» TASK DETAILS:
Would you transcribe each entry precisely as it stands, setting aside any images?

» Short text fragments from websites:
▼▼▼
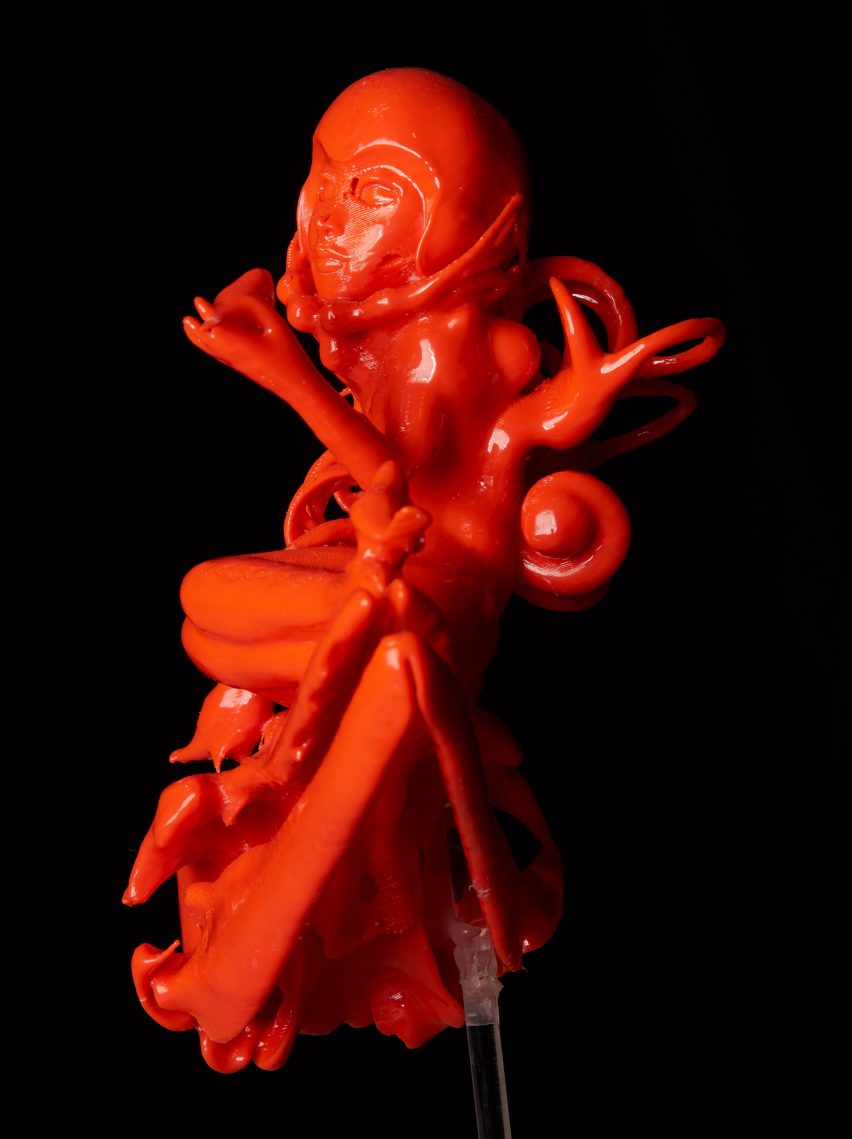 Designer Babies by Pinar Yoldas
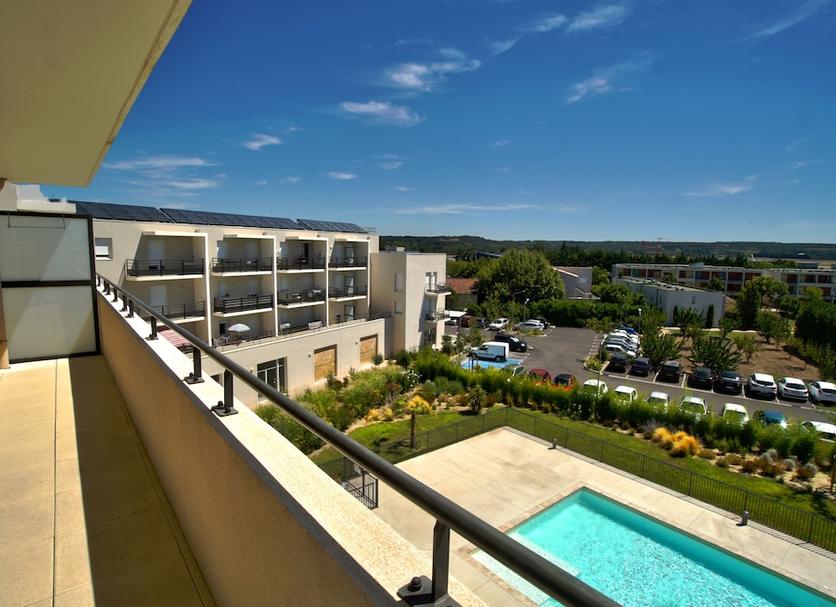 Balkon Fotoğraf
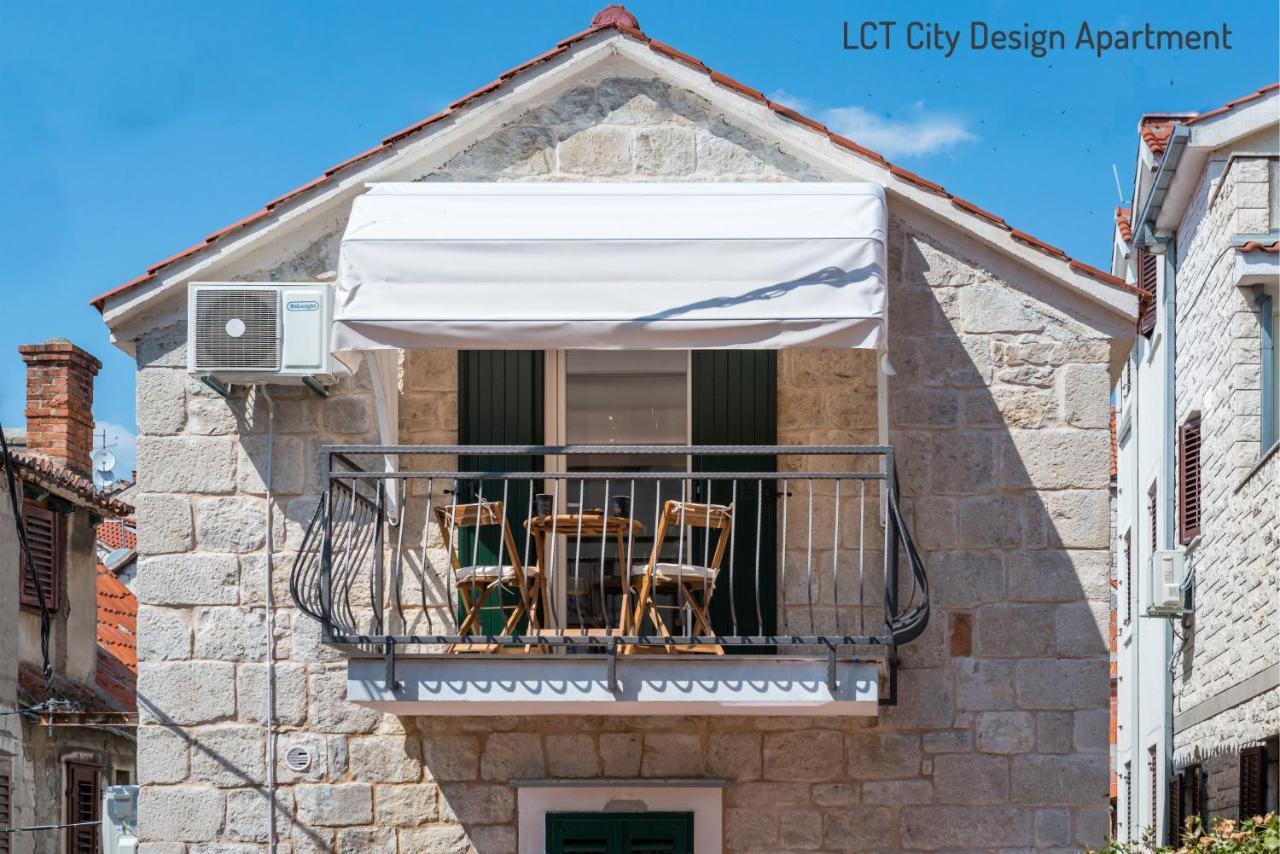 Lct City Design Apartment Split Dış mekan fotoğraf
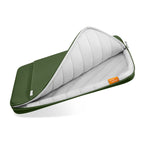 Capa Defender-A13 para MacBook Air e Pro 13" Verde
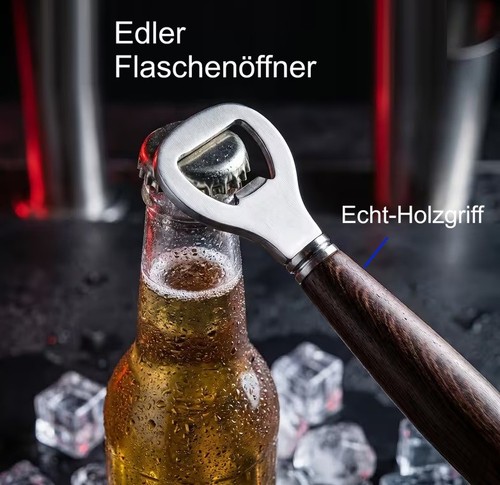 Edler club bar flaschenöffner - club,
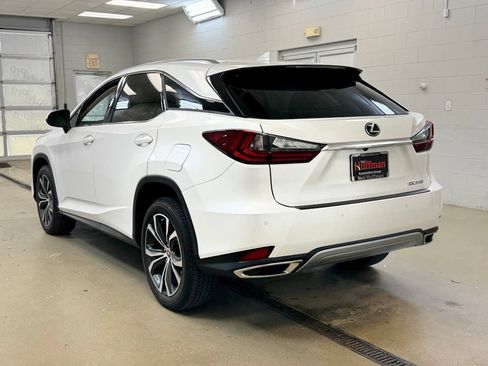 Used 2022 Lexus RX 350 AWD w/ Premium Package image 7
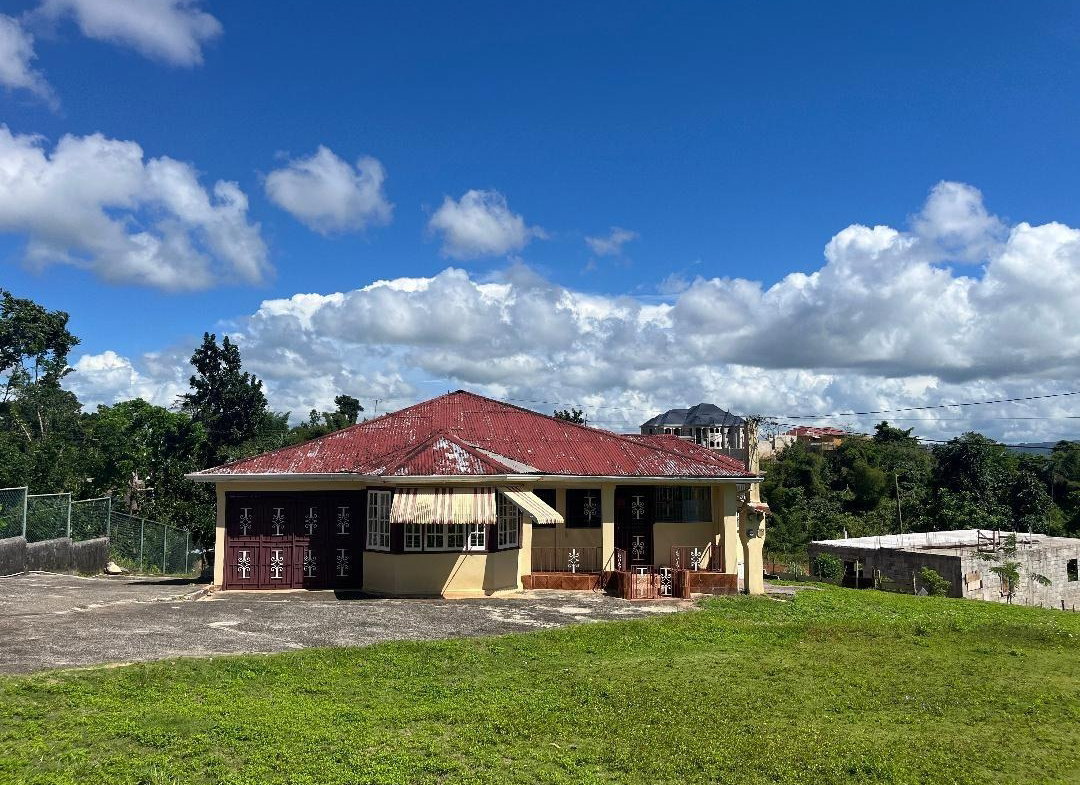 First image of Old Greenvale Road in Mandeville, Manchester, Jamaica - property is For Sale
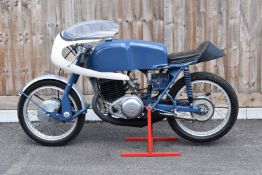 1964 Greeves 24RBS Silverstone road racing bike, frame number 24RBS113, with 5 speed gearbox and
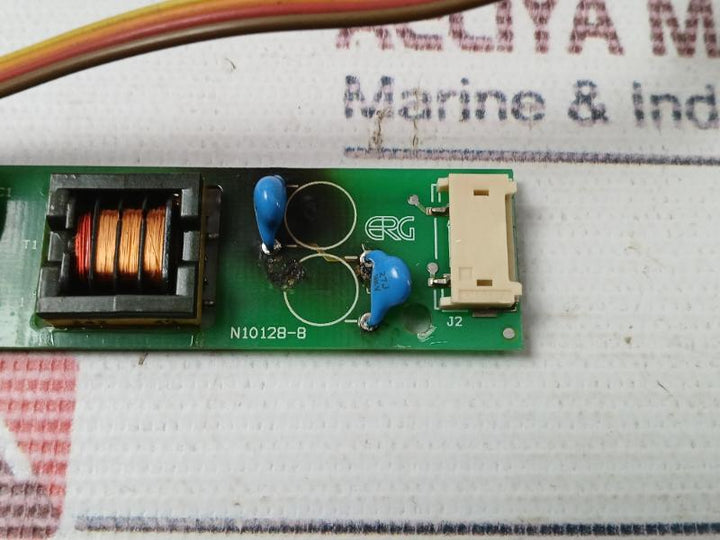 Erg N10128-8 Power Inverter Module 94V-0 0402V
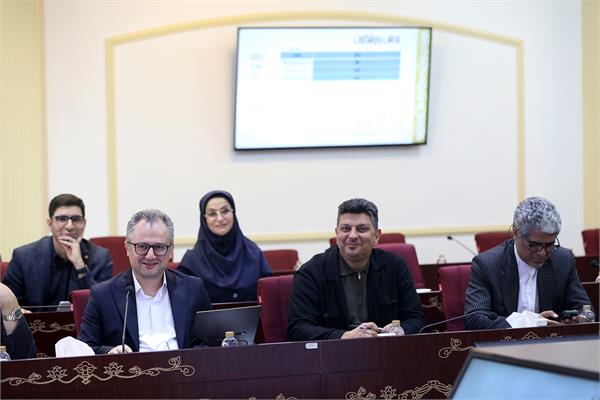 جلسه بررسی آخرین وضعیت آمادگی کاروان ایران، اعزامی به پنجمین دوره بازی های پاراآسیایی آیچی ناگویا 2026 10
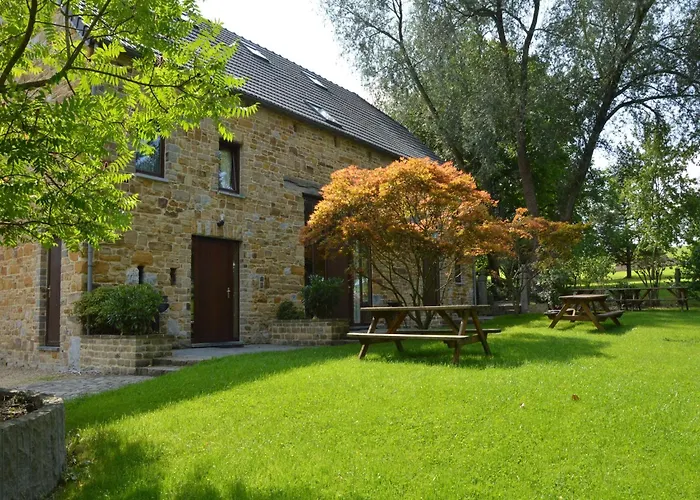 Hébergement de vacances Luxury Haven In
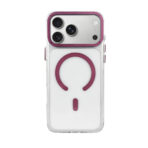 Gizmo Camera Stand MagSafe Case เคส iPhone 18 Pro Max / 17 Pro Max - Burgundy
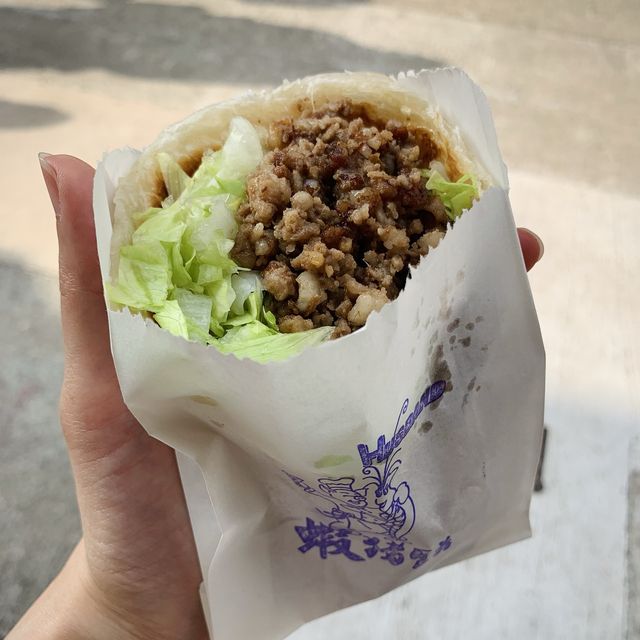 大澳｜特色街頭小食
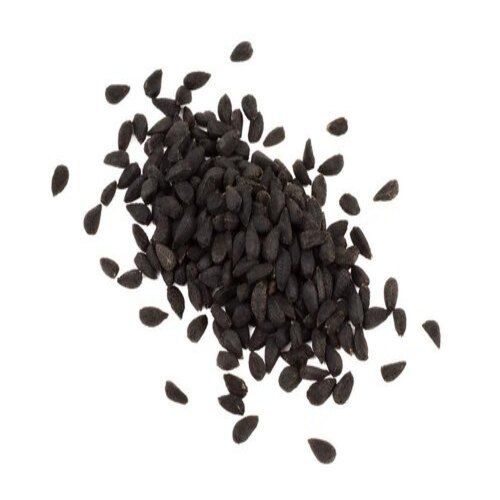 Packed With Antioxidants Sorted Quality Organic And Black Kalonji Seed Grade: A Grade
▲▲▲
» ANSWER SECTION:
 Designer Babies by Pinar Yoldas
 Balkon Fotoğraf
 Lct City Design Apartment Split Dış mekan fotoğraf
 Capa Defender-A13 para MacBook Air e Pro 13" Verde
 Edler club bar flaschenöffner - club,
 Used 2022 Lexus RX 350 AWD w/ Premium Package image 7
 First image of Old Greenvale Road in Mandeville, Manchester, Jamaica - property is For Sale
 1964 Greeves 24RBS Silverstone road racing bike, frame number 24RBS113, with 5 speed gearbox and
 Erg N10128-8 Power Inverter Module 94V-0 0402V
 جلسه بررسی آخرین وضعیت آمادگی کاروان ایران، اعزامی به پنجمین دوره بازی های پاراآسیایی آیچی ناگویا 2026 10
 Hébergement de vacances Luxury Haven In
 Gizmo Camera Stand MagSafe Case เคส iPhone 18 Pro Max / 17 Pro Max - Burgundy
 大澳｜特色街頭小食
 Packed With Antioxidants Sorted Quality Organic And Black Kalonji Seed Grade: A Grade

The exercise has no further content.